As the answer, set down the lines below from the one containing "North Melbourne Kangaroos Apparels SC109" through the one containing "Cannondale Canvas Neo 2 Remixte 2021", exactly and inclusively, and no others.

== Excerpted data ==
------------------------------------------------------------

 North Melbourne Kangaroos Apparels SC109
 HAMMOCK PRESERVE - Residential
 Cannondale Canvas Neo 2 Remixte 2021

------------------------------------------------------------

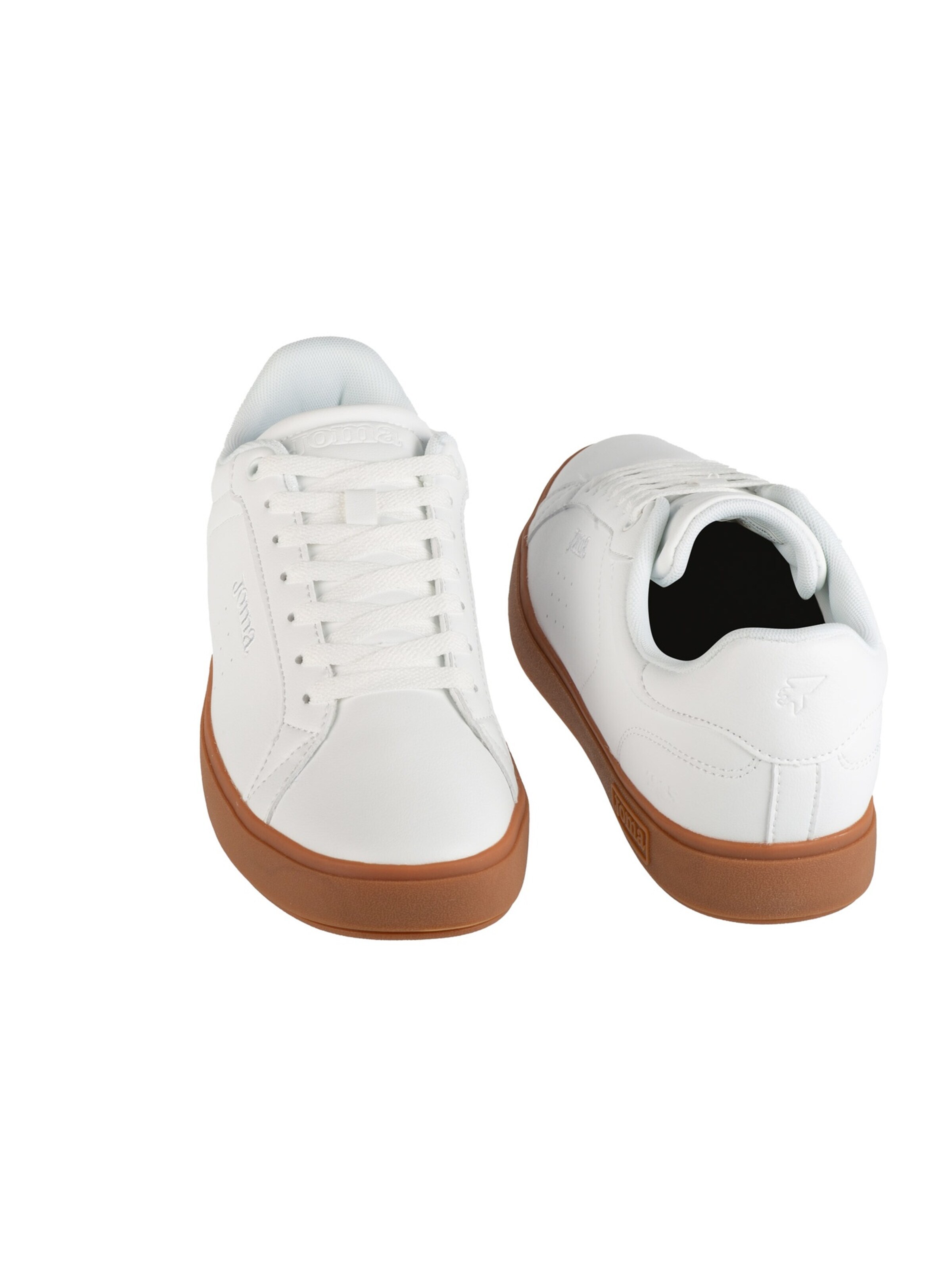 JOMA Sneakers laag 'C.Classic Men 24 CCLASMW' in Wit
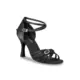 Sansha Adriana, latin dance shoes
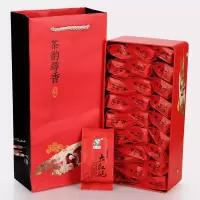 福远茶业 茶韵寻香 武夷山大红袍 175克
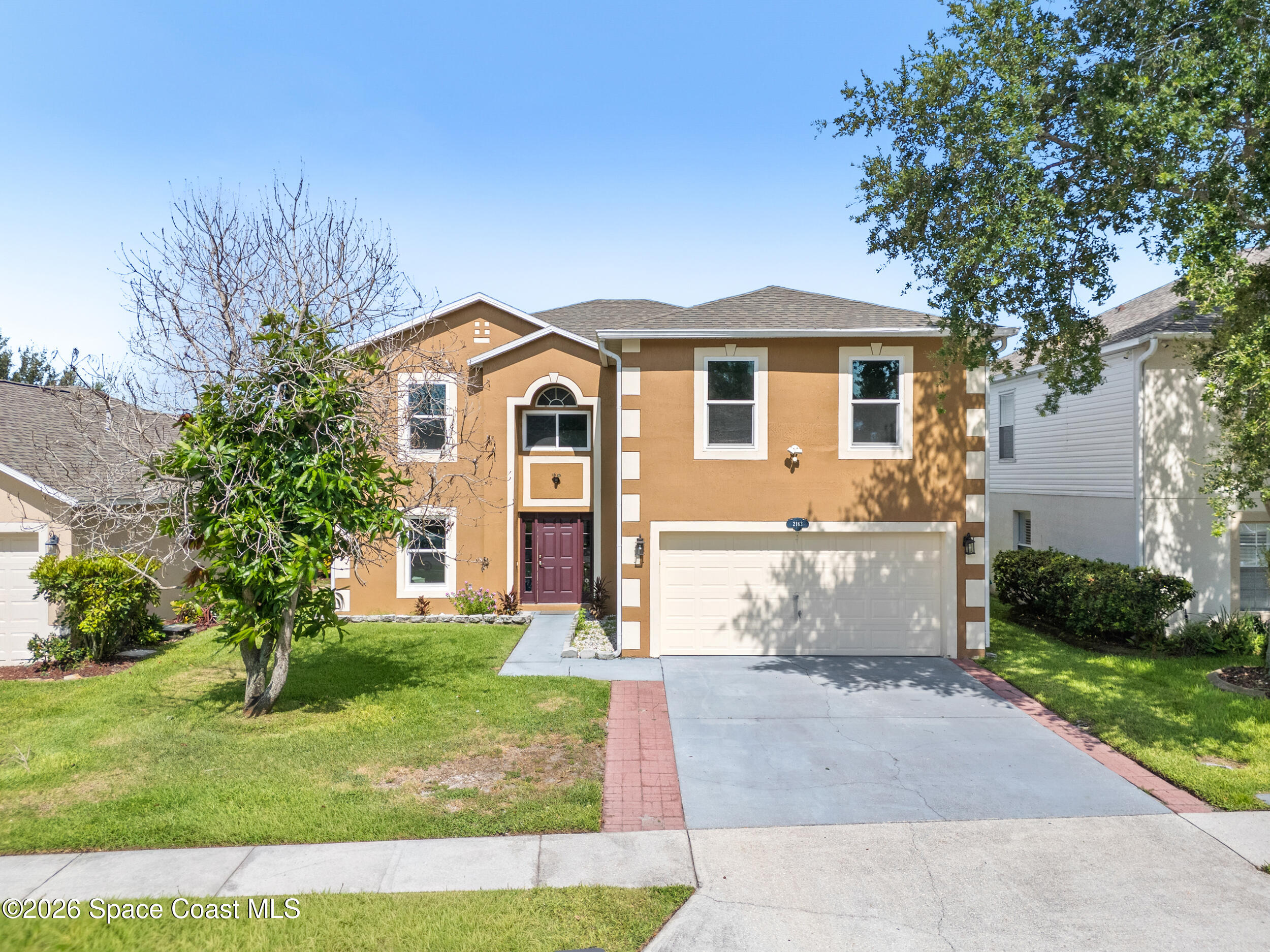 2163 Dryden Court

------------------------------------------------------------

== The answer ==
 North Melbourne Kangaroos Apparels SC109
 HAMMOCK PRESERVE - Residential
 Cannondale Canvas Neo 2 Remixte 2021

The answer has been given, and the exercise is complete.